Finally, right at the end of the month the Giants added a very intriguing piece - a former top infield prospect who hasn't been able to find consistency at the MLB level. Isan Diaz, who was ranked in his organization's top-30 prospects for five straight years by Baseball America, was the return for either a player to be named later or cash considerations, with Miami Herald's Miami Marlins beat writer Jordan McPherson first on the report on Twitter.
Since making his MLB debut in 2019, Diaz has struggled. In 501 career plate appearances over 145 games, he has batted .185 with nine home runs and a 52 OPS+. He has been able to take walks and reach base at a decent clip relative to the batting average, with 53 free passes drawn and a .275 OBP.
In 89 games with the Marlins in 2021, Diaz hit .193 - an incremental improvement over his .173 in 49 games as a rookie in 2019 - while slugging four home runs and scoring 25 times.
Pioneer League MVP in 2015
Diaz, a native of Puerto Rico, went to high school in Massachusetts and was the Arizona Diamondbacks' 2nd-round pick in the 2014 amateur draft (70th overall). After an unimpressive 2014 in the Arizona League, he broke out in 2015 with the Missoula Osprey of the Pioneer League: a .360 batting average with 25 doubles, 13 home runs, 12 stolen bases and 51 RBI in 68 games to earn league MVP honors.
In January 2016, Diaz was included in a trade with the Milwaukee Brewers as shortstop Jean Segura went to the desert. In the Milwaukee system he held his own while being on the younger side between Low-A and Double-A in 2016-17, hammering 33 homers and swiping 20 bases over those two seasons.
Diaz was a top-100 prospect entering 2017
Diaz's performance in 2016 influenced Baseball America to label him the Brewers' fifth-best prospect, and the #93 overall in MLB prior to the 2017 season.

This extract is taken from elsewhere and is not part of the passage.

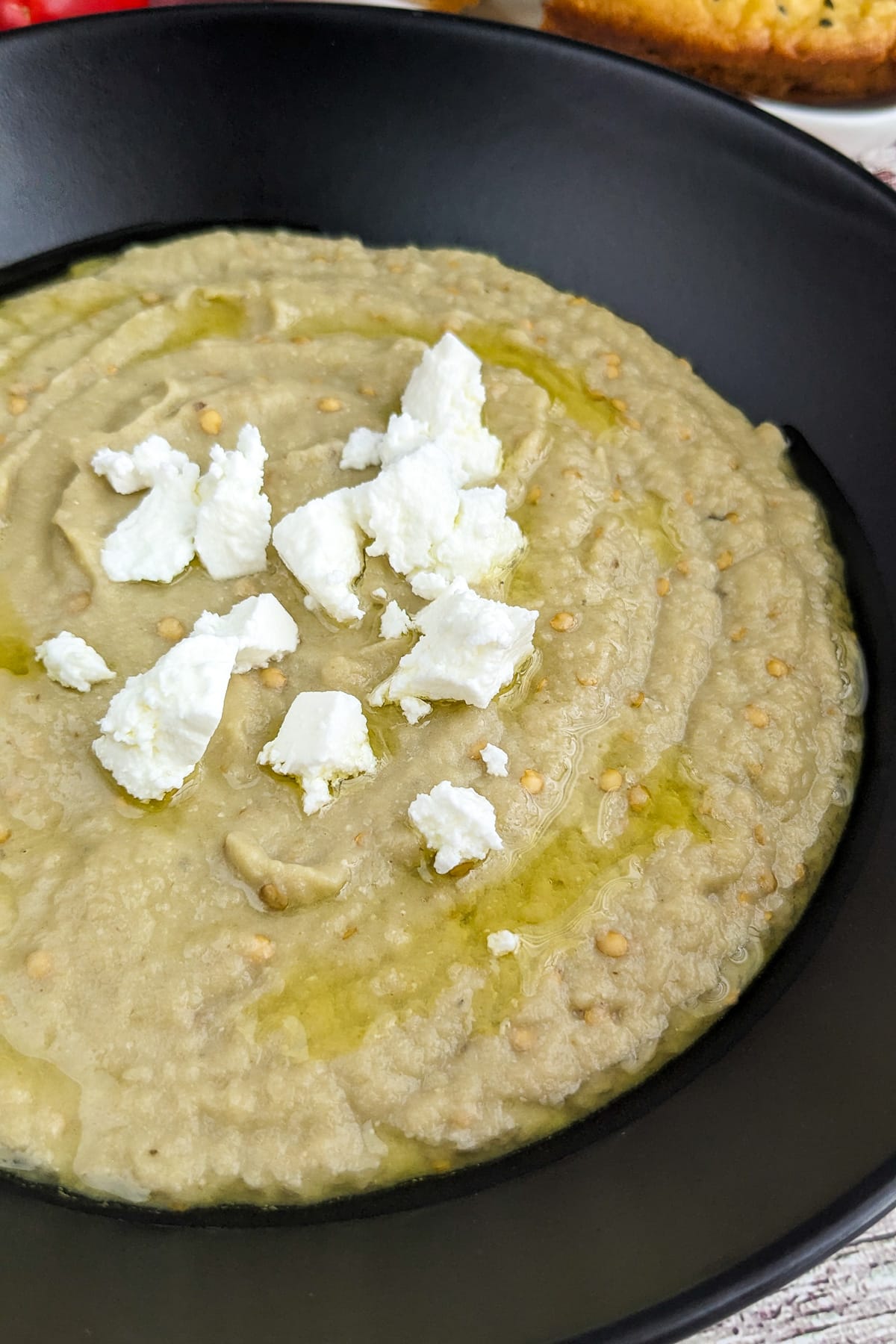 Close view of a black plate with eggplant and garlic dip with feta on a wooden table.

He dropped out of the top-100 after that year but stayed in Milwaukee's top-10 as #9.
Almost two years to the day after his first inclusion in a trade, Diaz was sent by Milwaukee to the Marlins in January 2018. After a year of struggles with Double-A Jacksonville and Triple-A New Orleans, Diaz tore the cover off the ball with New Orleans in 2019 (.305, 26 HR, 70 RBI in 102 games) to earn a big-league audition over the final two months of the season.
Still young (turning 26 later this month), Diaz appears to have the ability to succeed at the Major League level. Joining the Giants and their highly-regarded team of hitting coaches could help unlock what he needs to be a regular in the orange and black for years to come.